Ferozepore Airfield, also known as Jahaz Ground and Fattuwala Airstrip, was an Indian Air Force (IAF) airfield located five kilometres southwest from Ferozepore, Punjab region in India. It was established in 1943 to support the IAF, and saw operational use during the 1965 and 1971 Indo-Pakistani Wars. Today, it is under Advance Landing Ground status.

== History ==
On 12 April 1942, the Defence Coordination Department delegated powers under Defence of India Act, 1939 to the Ferozepore Collector. Afterwards, the collector requisitioned considerable areas of land in several areas near Ferozepore for the establishment of an aerodrome on 18 December. On 2 September 1943, the government acquired 21.12 acre acres to established an approach road and 926.97 acre for the landing ground. On 12 March 1945, the collector classified the acquired land for compensation purposes, though compensation disputes and arbitration continued through 1948. In 1964, during the Lal Bahadur Shastri government, a scheme was introduced to have vacant defence land cultivated to increase food production. Subsequently, Madan Mohan Lal and his brother Tek Chand were appointed as crop managers over a 15-acre portion of the airfield. After the scheme ended, the land was returned to the Indian Army.

At the beginning of the Indo-Pakistani air war of 1965, a radar was activated at Ferozepore Airfield. It was first attacked by the Pakistan Air Force (PAF) on 6 September 1965. On 16 September 1965, a PAF air operations aircraft was sent to observe it, and it was engaged by the 35 Heavy Artillery Regiment. Ferozepore Airfield was last operational during the 1971 conflict with Pakistan. Throughout each conflict, the airfield mainly served to camouflage weaponry. Following the Indo-Pakistani conflicts, it remained as an emergency airfield used by the Indian Air Force, known as Jahaz (Landing) Ground.

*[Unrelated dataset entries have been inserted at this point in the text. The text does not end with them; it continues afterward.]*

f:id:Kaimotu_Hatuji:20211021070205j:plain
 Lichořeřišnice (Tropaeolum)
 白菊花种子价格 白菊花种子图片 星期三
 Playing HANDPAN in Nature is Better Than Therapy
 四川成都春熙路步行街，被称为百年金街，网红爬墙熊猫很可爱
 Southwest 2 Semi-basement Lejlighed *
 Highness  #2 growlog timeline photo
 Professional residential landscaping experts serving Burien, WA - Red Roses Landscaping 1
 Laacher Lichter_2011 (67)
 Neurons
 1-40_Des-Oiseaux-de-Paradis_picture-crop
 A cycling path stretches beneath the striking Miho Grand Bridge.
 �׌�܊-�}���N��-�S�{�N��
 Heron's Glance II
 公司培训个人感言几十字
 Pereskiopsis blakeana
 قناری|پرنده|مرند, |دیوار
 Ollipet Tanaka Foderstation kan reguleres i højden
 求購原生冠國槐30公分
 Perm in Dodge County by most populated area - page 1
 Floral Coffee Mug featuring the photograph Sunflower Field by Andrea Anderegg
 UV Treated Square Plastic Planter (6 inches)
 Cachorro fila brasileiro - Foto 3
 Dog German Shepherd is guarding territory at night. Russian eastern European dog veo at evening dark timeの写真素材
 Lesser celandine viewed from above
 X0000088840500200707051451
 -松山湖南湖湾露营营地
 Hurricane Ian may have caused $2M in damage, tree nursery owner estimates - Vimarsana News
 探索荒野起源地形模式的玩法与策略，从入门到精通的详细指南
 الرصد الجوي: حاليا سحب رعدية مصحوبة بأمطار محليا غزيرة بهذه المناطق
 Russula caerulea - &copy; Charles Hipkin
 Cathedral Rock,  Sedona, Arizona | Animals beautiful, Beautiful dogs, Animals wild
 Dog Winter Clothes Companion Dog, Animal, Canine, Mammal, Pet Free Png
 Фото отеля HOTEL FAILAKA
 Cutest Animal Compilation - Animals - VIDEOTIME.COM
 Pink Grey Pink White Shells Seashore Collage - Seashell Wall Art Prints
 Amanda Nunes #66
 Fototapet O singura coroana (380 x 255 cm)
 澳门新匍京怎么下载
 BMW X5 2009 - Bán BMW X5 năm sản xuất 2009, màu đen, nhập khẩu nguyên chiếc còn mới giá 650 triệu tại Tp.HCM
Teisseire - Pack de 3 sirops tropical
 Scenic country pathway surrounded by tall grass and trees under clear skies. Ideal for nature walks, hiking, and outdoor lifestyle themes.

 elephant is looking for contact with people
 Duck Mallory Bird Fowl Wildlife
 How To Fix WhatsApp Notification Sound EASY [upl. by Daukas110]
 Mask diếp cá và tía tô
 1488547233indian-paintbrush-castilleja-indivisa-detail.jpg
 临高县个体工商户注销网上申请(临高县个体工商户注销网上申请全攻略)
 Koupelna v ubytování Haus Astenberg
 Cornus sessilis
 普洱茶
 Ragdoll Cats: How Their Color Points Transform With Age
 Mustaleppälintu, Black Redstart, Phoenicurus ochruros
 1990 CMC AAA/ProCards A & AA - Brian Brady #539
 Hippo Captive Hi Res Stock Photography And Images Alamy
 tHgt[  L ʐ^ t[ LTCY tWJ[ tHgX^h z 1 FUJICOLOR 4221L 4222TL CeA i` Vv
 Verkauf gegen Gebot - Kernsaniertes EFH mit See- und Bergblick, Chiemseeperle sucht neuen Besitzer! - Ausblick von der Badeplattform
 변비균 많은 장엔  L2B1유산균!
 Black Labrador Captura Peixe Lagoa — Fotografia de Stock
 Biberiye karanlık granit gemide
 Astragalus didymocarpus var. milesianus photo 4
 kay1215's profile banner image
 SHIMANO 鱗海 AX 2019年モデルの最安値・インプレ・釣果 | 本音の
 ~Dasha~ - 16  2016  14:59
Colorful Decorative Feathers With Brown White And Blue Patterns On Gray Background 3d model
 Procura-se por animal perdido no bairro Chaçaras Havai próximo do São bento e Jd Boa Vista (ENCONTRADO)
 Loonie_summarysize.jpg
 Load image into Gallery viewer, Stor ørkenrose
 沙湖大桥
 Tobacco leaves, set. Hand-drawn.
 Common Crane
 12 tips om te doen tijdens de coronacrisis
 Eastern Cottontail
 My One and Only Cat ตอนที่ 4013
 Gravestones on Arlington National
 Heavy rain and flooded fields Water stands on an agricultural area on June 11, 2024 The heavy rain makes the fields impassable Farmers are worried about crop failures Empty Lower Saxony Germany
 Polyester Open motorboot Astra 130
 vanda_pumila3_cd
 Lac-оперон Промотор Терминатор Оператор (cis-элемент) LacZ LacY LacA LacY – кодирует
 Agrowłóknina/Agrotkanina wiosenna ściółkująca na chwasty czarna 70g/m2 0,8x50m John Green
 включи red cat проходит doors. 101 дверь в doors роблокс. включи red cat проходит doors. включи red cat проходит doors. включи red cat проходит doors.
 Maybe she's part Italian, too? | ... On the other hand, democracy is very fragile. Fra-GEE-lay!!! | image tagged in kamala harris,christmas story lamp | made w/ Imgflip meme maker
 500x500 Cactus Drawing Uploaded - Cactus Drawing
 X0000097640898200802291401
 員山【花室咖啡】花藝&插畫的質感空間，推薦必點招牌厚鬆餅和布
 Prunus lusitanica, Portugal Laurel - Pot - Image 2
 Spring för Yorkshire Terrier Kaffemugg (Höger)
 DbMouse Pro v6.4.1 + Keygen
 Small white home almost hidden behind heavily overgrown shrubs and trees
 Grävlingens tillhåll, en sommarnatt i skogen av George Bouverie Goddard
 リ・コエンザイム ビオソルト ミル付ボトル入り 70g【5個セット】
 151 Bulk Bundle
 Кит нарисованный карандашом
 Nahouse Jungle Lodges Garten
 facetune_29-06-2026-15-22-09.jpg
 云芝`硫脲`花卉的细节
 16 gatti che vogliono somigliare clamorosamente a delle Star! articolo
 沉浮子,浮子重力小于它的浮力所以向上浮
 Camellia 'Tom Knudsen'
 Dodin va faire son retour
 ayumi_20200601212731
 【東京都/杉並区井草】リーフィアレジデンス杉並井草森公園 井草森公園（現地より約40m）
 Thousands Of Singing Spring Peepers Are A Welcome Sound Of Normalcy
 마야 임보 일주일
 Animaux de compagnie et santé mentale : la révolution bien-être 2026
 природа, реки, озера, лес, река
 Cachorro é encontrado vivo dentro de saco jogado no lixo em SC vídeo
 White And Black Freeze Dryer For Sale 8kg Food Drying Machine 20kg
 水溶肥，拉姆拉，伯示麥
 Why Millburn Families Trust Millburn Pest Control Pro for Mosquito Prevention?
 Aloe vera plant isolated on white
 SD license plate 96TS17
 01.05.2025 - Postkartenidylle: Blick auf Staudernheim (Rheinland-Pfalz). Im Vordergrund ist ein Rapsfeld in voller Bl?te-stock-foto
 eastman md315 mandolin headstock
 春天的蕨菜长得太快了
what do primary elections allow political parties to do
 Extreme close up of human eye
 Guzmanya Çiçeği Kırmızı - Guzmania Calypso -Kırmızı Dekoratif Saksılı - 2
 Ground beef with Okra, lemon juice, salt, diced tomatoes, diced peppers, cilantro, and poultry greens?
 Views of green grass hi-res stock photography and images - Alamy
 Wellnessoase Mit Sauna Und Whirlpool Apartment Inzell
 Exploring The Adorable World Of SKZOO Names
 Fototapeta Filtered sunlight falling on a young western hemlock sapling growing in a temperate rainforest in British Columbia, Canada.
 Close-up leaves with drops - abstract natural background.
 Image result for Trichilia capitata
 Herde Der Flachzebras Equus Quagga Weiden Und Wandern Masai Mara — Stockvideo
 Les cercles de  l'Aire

In 1997, 15 acres were fraudulently sold to private parties. In 2006, the Army had reportedly removed the private occupants from the land, and the purchasers subsequently filed a civil suit seeking possession in 2008. Halwara AFS made a formal complaint tot he Ferozepur administration in 2021, and an investigation was made by the High Court. In 2013, a team from the Airports Authority of India conducted an aerial and ground survey of the airfield, checking the economic and technical feasibility of construction low-cost domestic airports in Ferozepur.

== Present ==
The land was under the watch and ward of local military authorities until May 2025, when the Punjab administration restored the disputed remaining 15-acre airstrip to the Ministry of Defence. As of 2025, Fattuwala Airfield has been retained by the Ministry of Defence as an Advance Landing Ground, with administrative control vested in Halwara Air Force Station.